No hace ni treinta años que cualquier empresario, trabajador o intelectual español soñaba con establecerse en Barcelona, la ciudad más culta, cosmopolita, abierta y rica del país.
Pero ahora, a pesar de su belleza, clima, playas o de su calidad de vida, residir en Barcelona es un castigo para los no catalanes que antes se habrían reubicado allí entusiasmados.
“Nos deportan”, protestan los 130 altos funcionarios de la Comisión del Mercado de las Telecomunicaciones (CMT) a los que el Gobierno les ordena trasladarse desde Madrid a la capital catalana como resultado de su primera medida para descentralizar algunos organismos públicos.

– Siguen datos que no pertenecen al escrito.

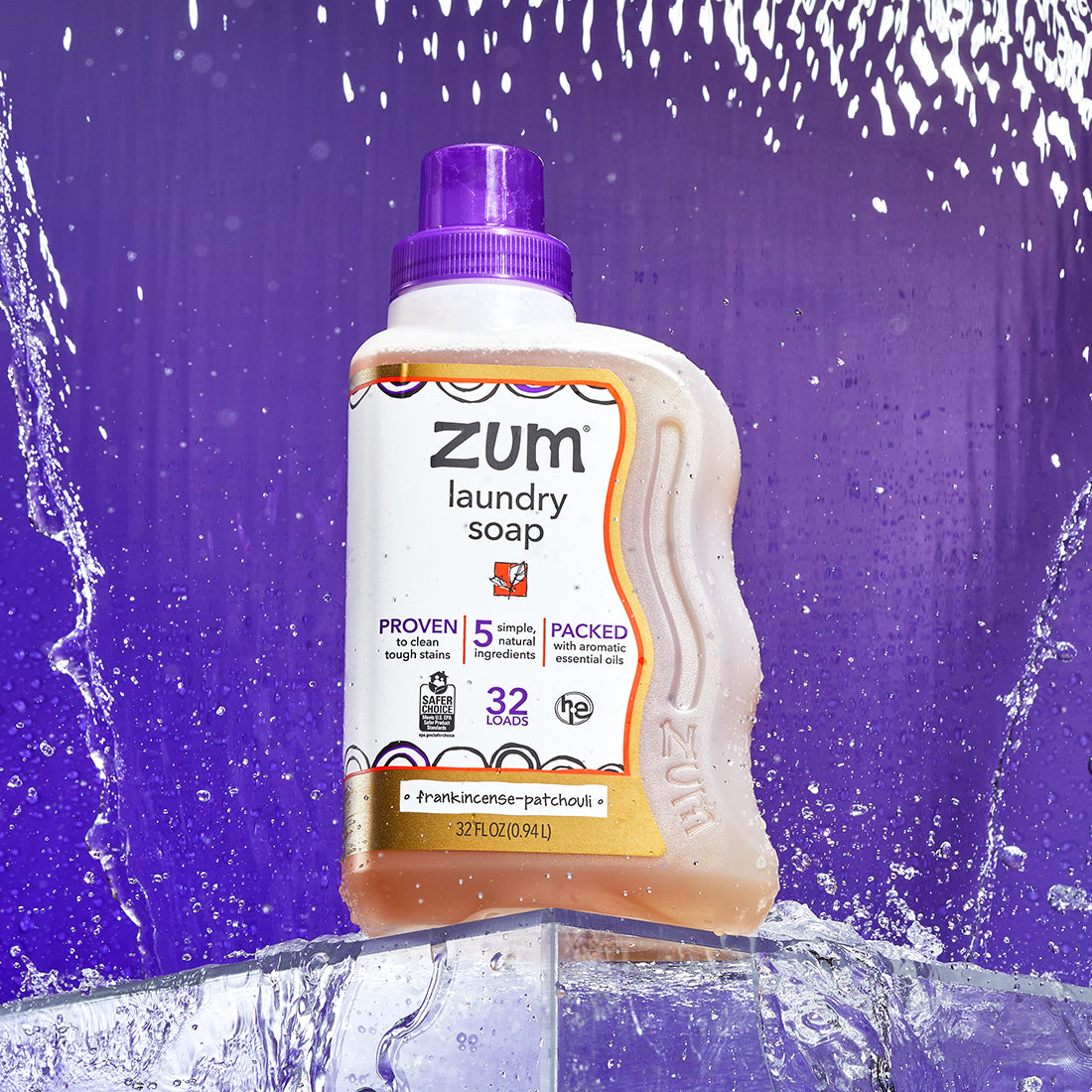 Zum Frankincense-Patchouli Laundry Soap | Natural Laundry Soap (32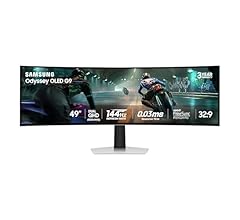 Samsung 49" Odyssey OLED G9 (G91SD) Dual QHD QD-OLED G-Sync Compatible Curved Gaming Monitor, 144Hz, 0.03ms, AMD FreeSync P…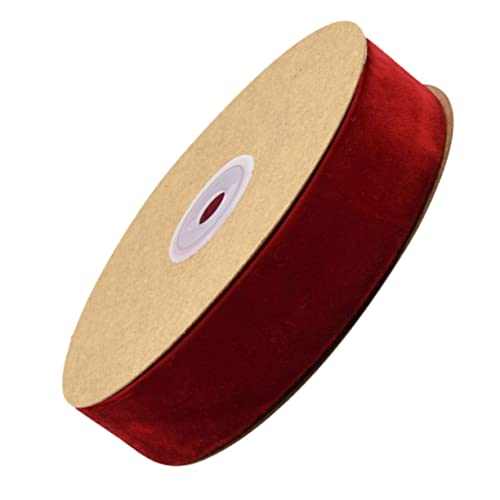 CLISPEED 1 Rolle Breites Samtband Rot Nicht Elastisches Diy Dekorationsband für Kleidung Bastelprojekte und Geschenkverpackungen für Hochzeiten und Feste CLISPEED 1 Rolle Breites Samtband Rot Nicht Elastisches Diy Dekorationsband für Kleidung Bastelprojekte und Geschenkverpackungen für Hochzeiten und Feste von CLISPEED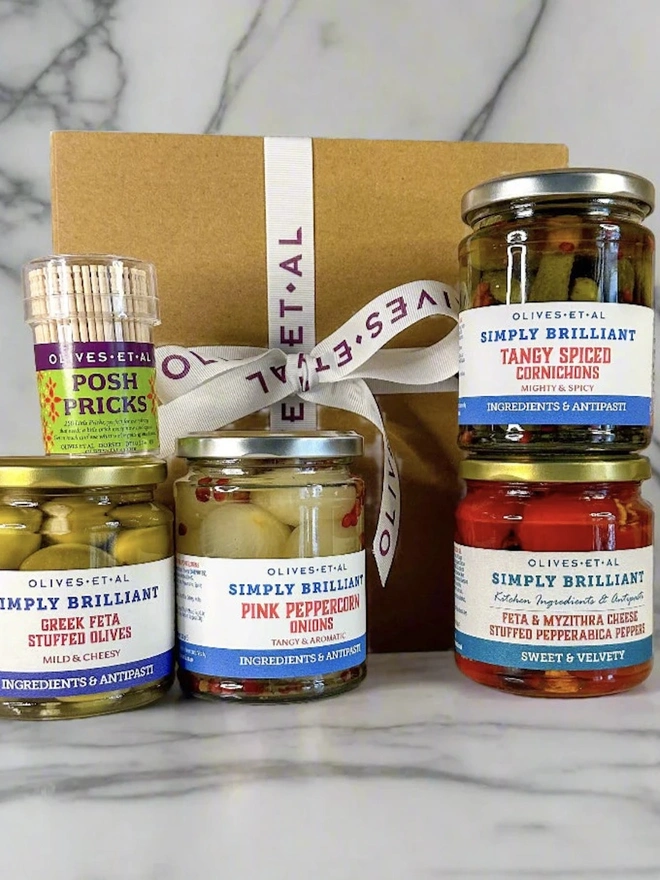 Antipasti Selection Hamper Gift Set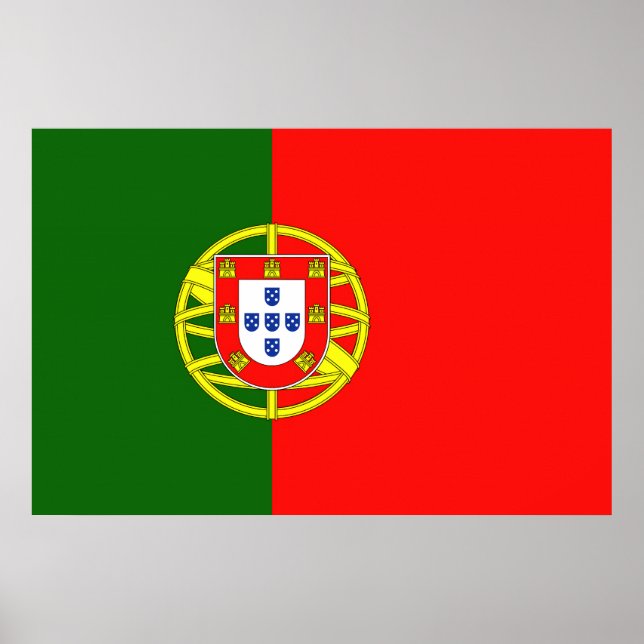 Poster Drapeau Portugal  (Frente)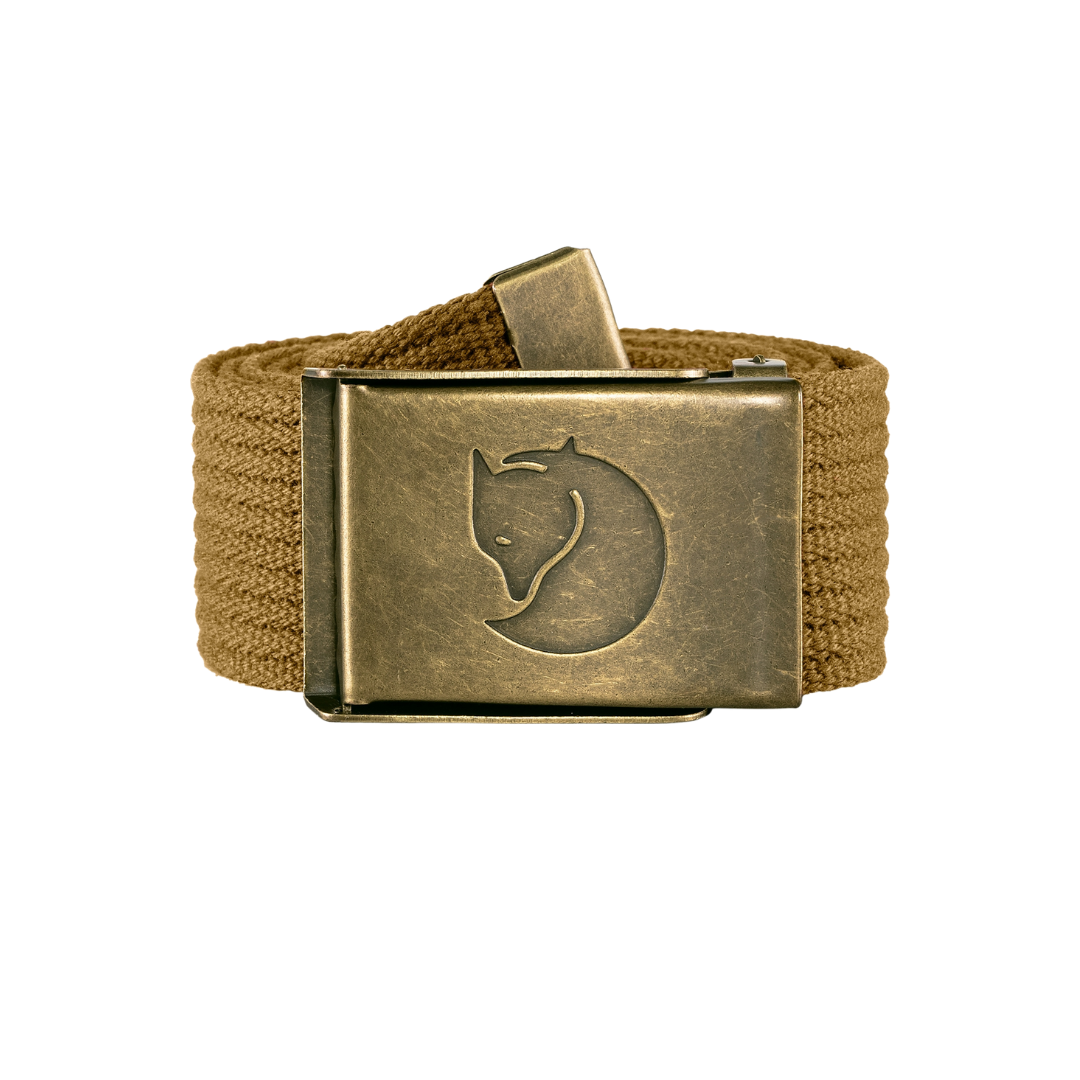 Canvas Brass Belt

Para ellos no hubiera sido deportación si la CMT se hubiera instalado en cualquier ciudad española no gobernada por nacionalistas y filonacionalistas que imponen un idioma autonómico y que definen despectivamente a los no naturales de su territorio: charnegos.
Estos funcionarios pertenecen a una élite técnica que no es madrileña. Proceden de toda España y viven en Madrid el ambiente cosmopolita que parecía caracterizar antes a Barcelona.
Ingenieros, físicos y economistas de altísimo nivel, con hijos en edades escolares, están obligados a trasladarse a un territorio que cultiva crecientemente sus peculiaridades locales endogámicas y castizas, frecuentemente chuscas, que oprimen sin piedad hasta a los niños.
No es la deslocalización de su entidad lo que ha provocado la reacción unánime de estos técnicos, encabezados por su presidente Carlos Bustelo, de origen gallego, sino el irse a un lugar cuyas autoridades les harán sentirse como extranjeros: a ellos, y a sus hijos.
El secesionismo no es necesariamente una separación política radical. Es el separatismo implacable en las relaciones humanas y culturales, y Cataluña se encapsula más y más en sí misma y se va del resto de España, aunque no queramos verlo.